Only the lines below starting at the one that contains "mother and small" and ending at the one that contains "Coroana funerara circulara" are to be reproduced, exactly and with both ends kept.
(Beginning of The data)
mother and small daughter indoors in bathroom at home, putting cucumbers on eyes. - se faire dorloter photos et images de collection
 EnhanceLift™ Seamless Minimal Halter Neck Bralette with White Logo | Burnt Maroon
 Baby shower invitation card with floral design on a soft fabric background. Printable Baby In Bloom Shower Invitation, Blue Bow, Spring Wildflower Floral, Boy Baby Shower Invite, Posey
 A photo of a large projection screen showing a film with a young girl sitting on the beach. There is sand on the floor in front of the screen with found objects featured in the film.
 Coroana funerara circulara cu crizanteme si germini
(End of The data)
(Beginning of The data)
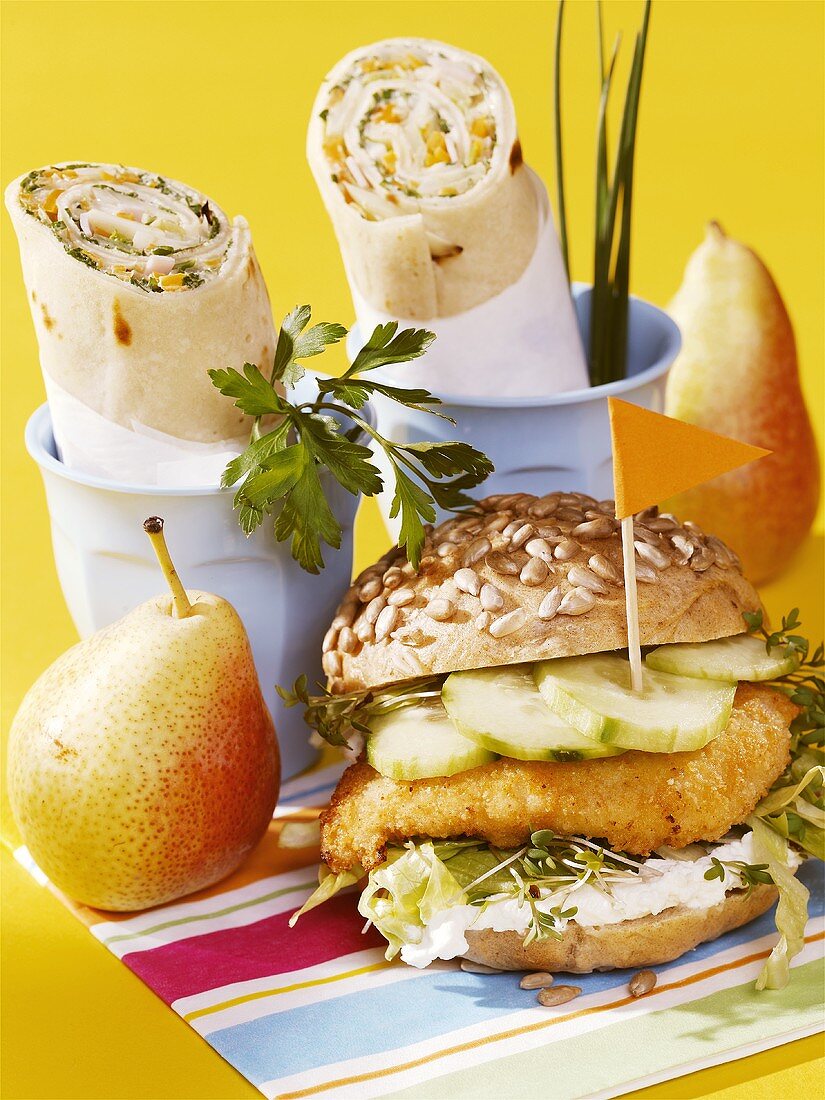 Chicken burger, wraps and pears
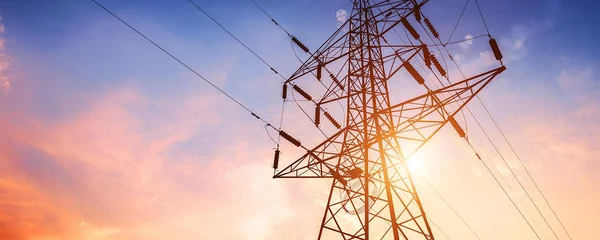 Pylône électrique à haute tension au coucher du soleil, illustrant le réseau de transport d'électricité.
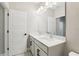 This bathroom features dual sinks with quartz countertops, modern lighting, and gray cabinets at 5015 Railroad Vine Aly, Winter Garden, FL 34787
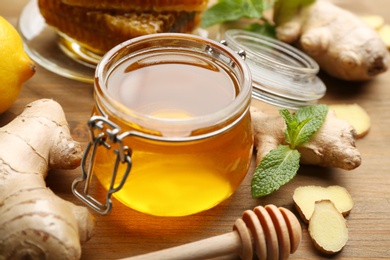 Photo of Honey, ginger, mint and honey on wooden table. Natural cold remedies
(End of The data)
(Beginning of The data)
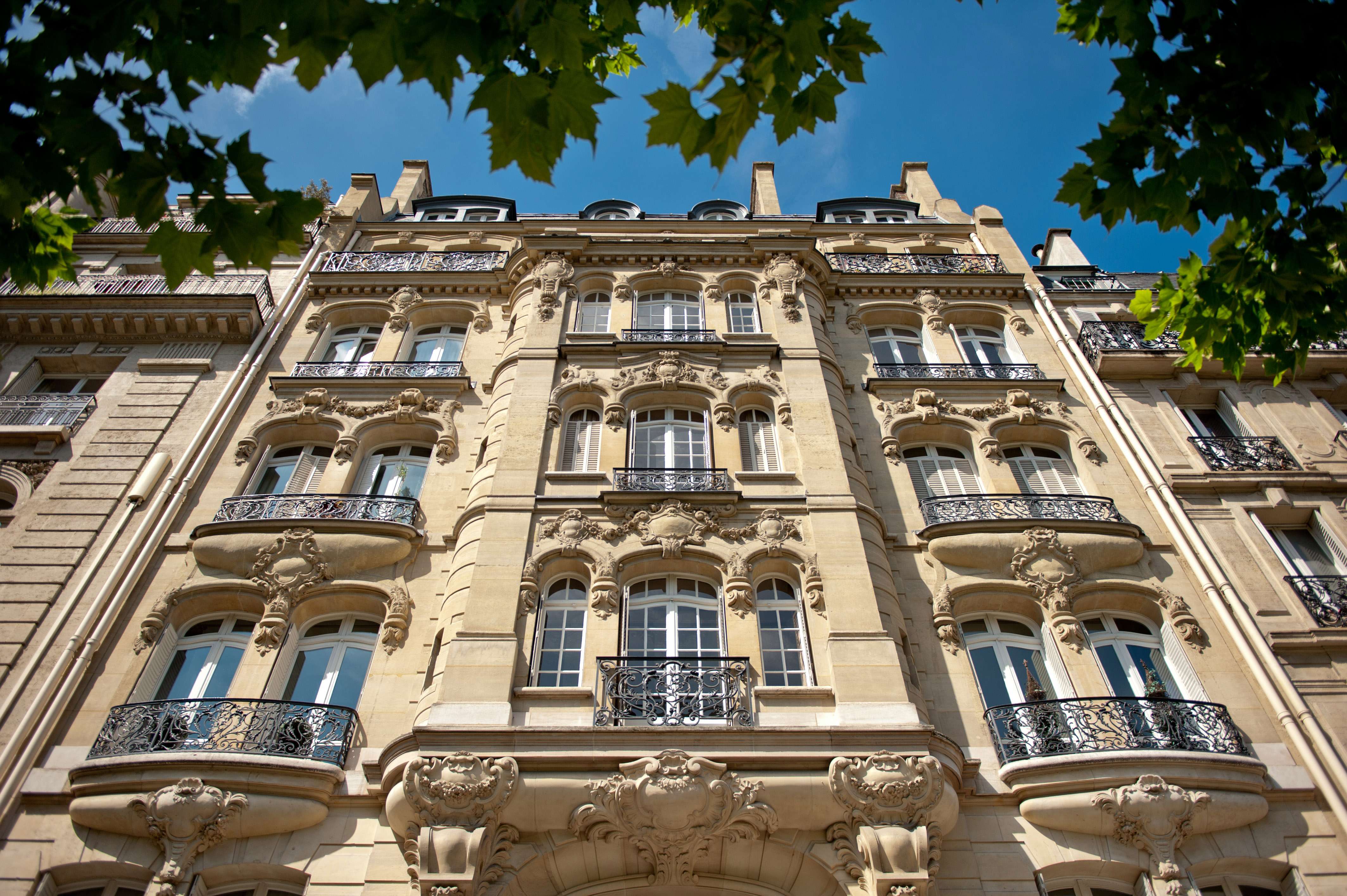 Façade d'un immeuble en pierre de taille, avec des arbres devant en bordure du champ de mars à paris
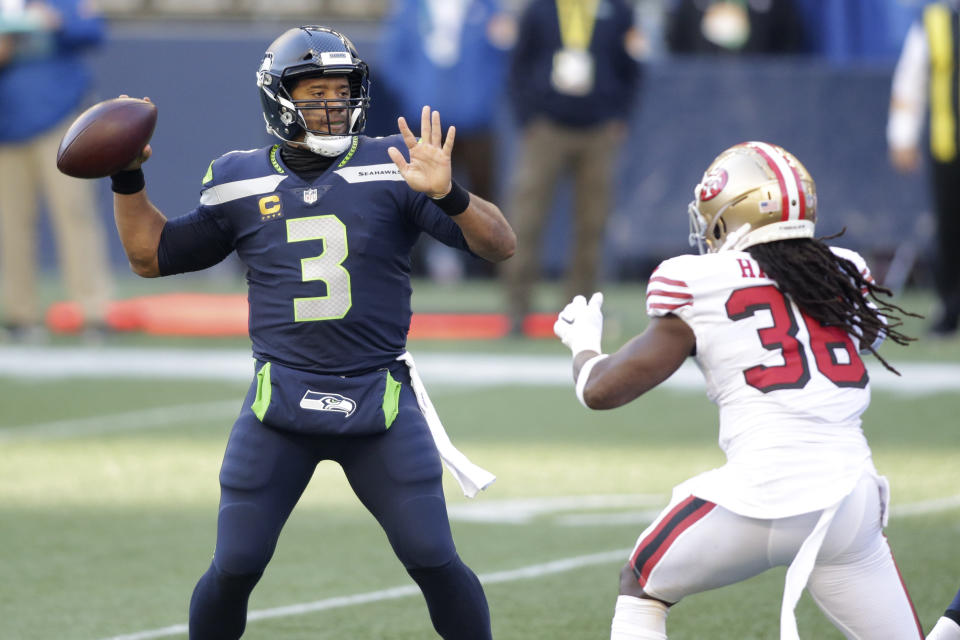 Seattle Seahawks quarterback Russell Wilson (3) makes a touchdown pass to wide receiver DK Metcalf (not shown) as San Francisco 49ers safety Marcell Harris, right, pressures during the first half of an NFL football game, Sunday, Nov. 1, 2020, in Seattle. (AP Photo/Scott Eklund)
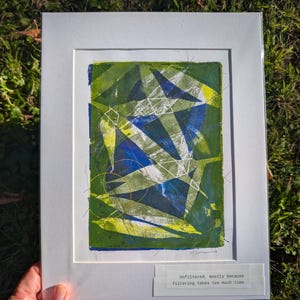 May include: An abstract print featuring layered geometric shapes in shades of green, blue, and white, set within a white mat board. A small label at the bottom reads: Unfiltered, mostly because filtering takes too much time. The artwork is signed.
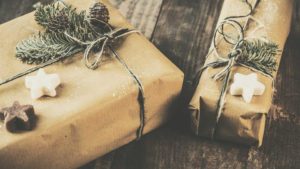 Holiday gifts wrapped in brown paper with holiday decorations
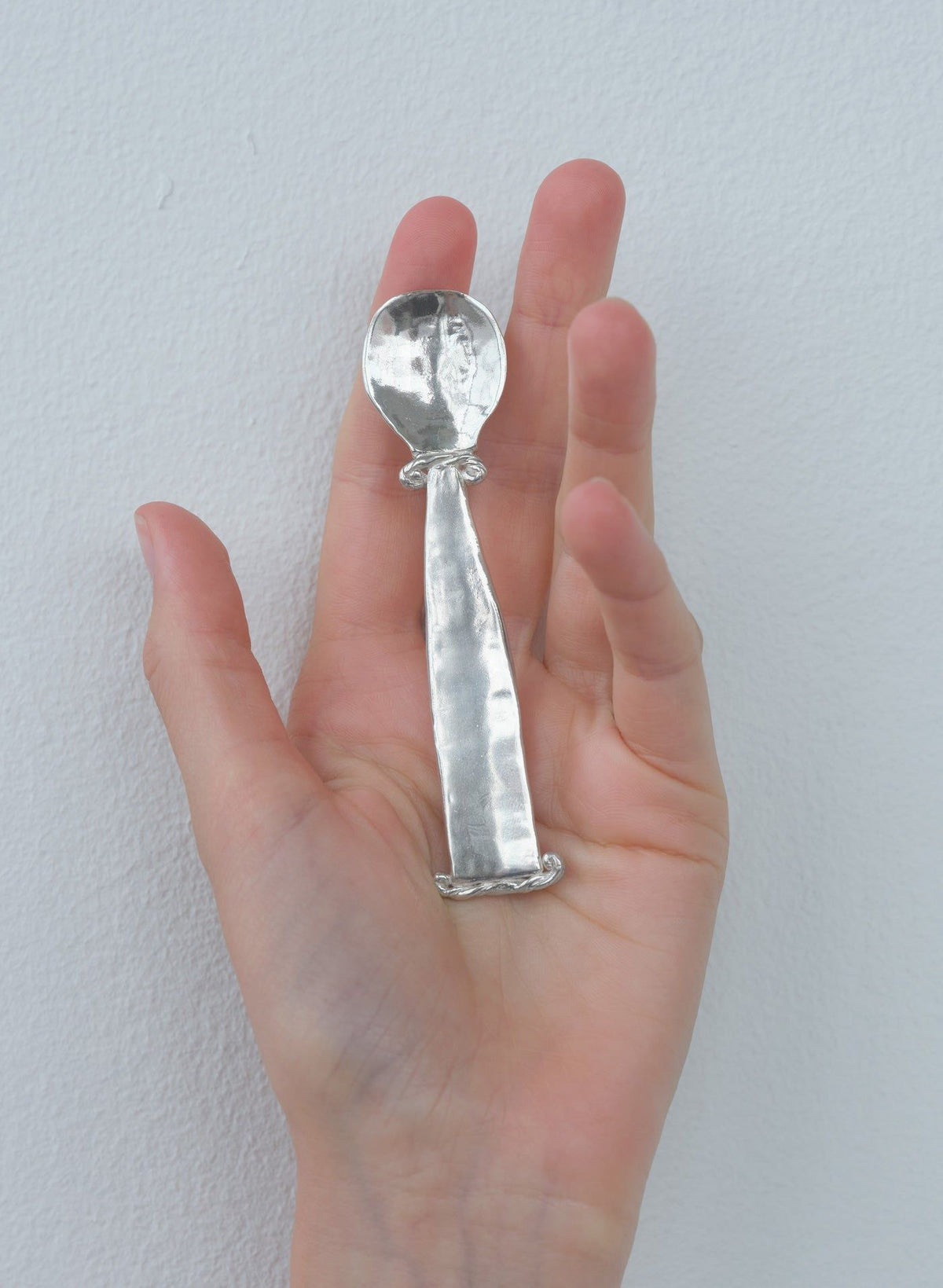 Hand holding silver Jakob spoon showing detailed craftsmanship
(End of The data)
◆ **The completed task**
mother and small daughter indoors in bathroom at home, putting cucumbers on eyes. - se faire dorloter photos et images de collection
 EnhanceLift™ Seamless Minimal Halter Neck Bralette with White Logo | Burnt Maroon
 Baby shower invitation card with floral design on a soft fabric background. Printable Baby In Bloom Shower Invitation, Blue Bow, Spring Wildflower Floral, Boy Baby Shower Invite, Posey
 A photo of a large projection screen showing a film with a young girl sitting on the beach. There is sand on the floor in front of the screen with found objects featured in the film.
 Coroana funerara circulara cu crizanteme si germini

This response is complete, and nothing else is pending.